Fluid pressure evolution during the earthquake cycle controlled by fluid flow and pressure solution crack sealing

Abstract

Recent studies of active Californian faults allow us to investigate the mechanisms of fluid flow and crack sealing along faults and to model fluid pressure evolution during earthquake cycles. The model is first based on the observation that fluids flow from depth along active faults (stables isotopes and traces elements analyses). The model is also based on the study of mechanisms of deformation of rocks near and within active faults at depth. Sampling was performed in faults that have been recently uplifted. Studies on thin sections of rocks produce evidence of the mechanisms of crack sealing and compaction of fractured zones as transient processes after each earthquake.
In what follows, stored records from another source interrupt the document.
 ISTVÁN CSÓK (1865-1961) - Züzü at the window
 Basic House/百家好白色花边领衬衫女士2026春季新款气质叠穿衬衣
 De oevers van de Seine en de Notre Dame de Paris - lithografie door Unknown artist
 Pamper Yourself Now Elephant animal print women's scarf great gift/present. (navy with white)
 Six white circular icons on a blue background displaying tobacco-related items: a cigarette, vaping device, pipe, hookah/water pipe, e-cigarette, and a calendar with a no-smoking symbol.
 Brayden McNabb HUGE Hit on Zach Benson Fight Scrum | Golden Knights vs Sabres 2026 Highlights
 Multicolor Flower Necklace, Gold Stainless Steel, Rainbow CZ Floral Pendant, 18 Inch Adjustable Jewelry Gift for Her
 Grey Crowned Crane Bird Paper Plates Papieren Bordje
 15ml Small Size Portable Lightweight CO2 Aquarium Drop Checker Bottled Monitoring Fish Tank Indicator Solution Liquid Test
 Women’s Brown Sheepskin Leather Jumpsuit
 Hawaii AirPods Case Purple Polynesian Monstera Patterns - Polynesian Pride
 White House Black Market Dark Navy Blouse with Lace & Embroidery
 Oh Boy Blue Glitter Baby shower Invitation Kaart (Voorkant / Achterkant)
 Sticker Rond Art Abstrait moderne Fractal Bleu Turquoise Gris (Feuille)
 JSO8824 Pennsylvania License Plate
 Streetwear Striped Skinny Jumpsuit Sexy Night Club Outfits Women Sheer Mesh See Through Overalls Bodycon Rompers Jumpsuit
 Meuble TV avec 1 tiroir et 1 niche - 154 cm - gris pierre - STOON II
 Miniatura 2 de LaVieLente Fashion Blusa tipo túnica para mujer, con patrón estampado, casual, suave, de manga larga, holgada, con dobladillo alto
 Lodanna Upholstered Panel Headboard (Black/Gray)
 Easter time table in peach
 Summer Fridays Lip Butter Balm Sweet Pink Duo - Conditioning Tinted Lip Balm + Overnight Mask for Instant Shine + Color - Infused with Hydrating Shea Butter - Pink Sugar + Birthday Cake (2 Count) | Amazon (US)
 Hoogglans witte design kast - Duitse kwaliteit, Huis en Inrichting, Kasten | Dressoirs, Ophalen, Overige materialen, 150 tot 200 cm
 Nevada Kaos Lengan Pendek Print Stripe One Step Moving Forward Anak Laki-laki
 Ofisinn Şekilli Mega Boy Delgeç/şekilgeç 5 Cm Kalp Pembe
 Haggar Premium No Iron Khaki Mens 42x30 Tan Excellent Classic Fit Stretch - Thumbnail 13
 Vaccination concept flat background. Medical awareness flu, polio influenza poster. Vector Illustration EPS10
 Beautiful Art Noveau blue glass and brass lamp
We found that pressure solution creep and crack sealing are likely to control deformation and permeability change during inter-seismic period. Crack sealing and compaction processes are modeled to give the kinetics of these processes. Then numerical modeling of fluid pressure and transfer around active faults have been performed by integrating slow changes in permeability by crack sealing, gouge compaction and fluid flow from depth. This modeling shows that location and evolution of fluid overpressure varies during the inter-seismic period depending on the heterogeneity of the faults (nature of minerals and fluids, spacing between micro-fractures, thermodynamic and kinetics parameters).